RECORDS TO USE |
┄┄┄┄┄┄┄┄┄┄┄┄┄┄┄┄┄┄┄┄

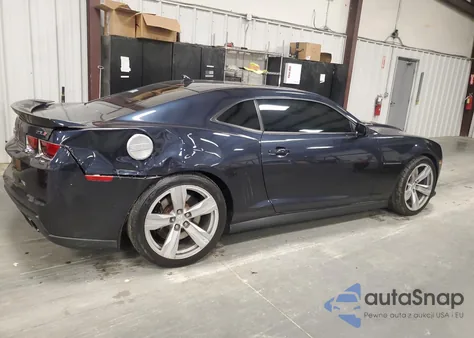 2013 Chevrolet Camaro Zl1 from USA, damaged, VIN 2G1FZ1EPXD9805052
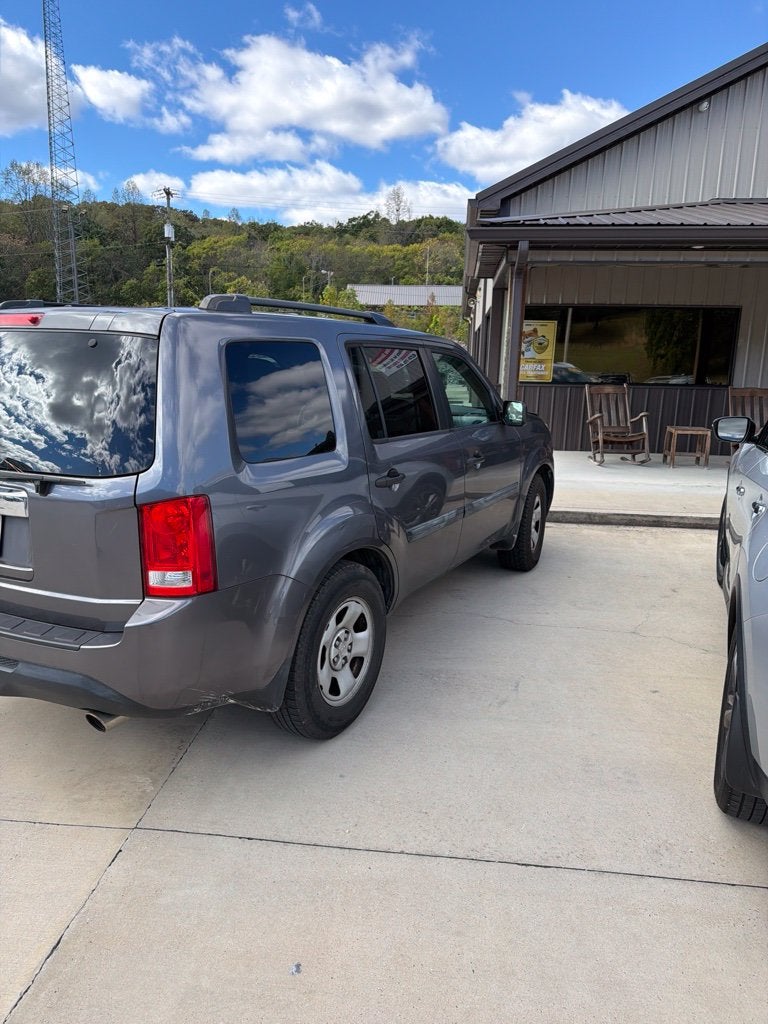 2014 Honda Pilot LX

┄┄┄┄┄┄┄┄┄┄┄┄┄┄┄┄┄┄┄┄

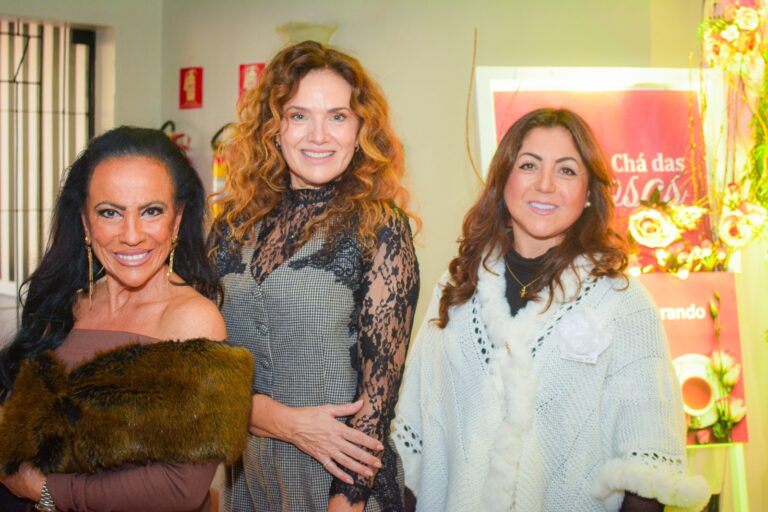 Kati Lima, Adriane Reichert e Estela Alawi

┄┄┄┄┄┄┄┄┄┄┄┄┄┄┄┄┄┄┄┄

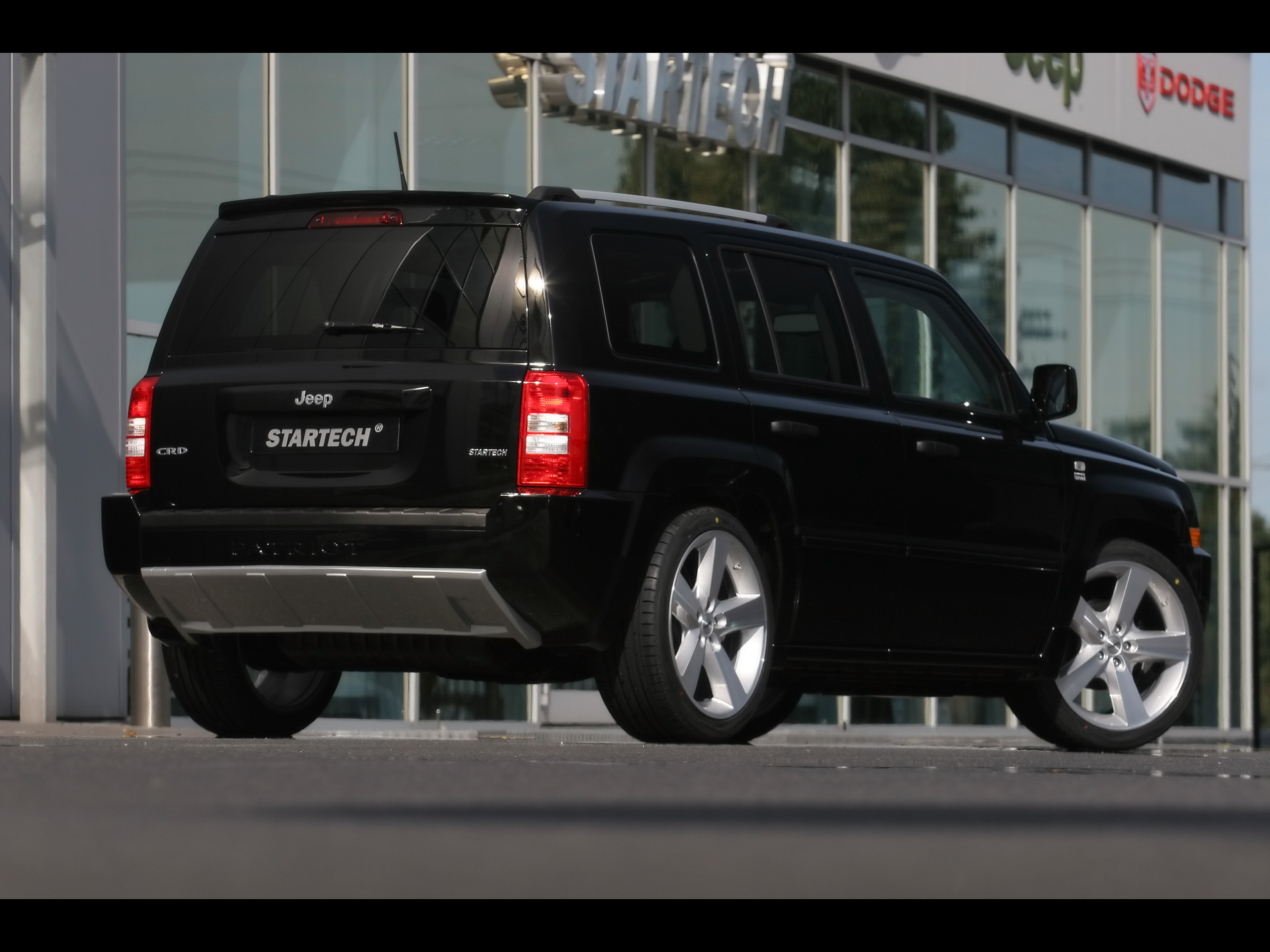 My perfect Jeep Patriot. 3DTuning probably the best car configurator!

┄┄┄┄┄┄┄┄┄┄┄┄┄┄┄┄┄┄┄┄

ACTIVITY |
Using the material above, reproduce only the lines that run from the line with "2013 Chevrolet Camaro" up to and including the line with "2014 Honda Pilot LX", exactly, with the pictures dropped.

TASK SOLUTION |
 2013 Chevrolet Camaro Zl1 from USA, damaged, VIN 2G1FZ1EPXD9805052
 2014 Honda Pilot LX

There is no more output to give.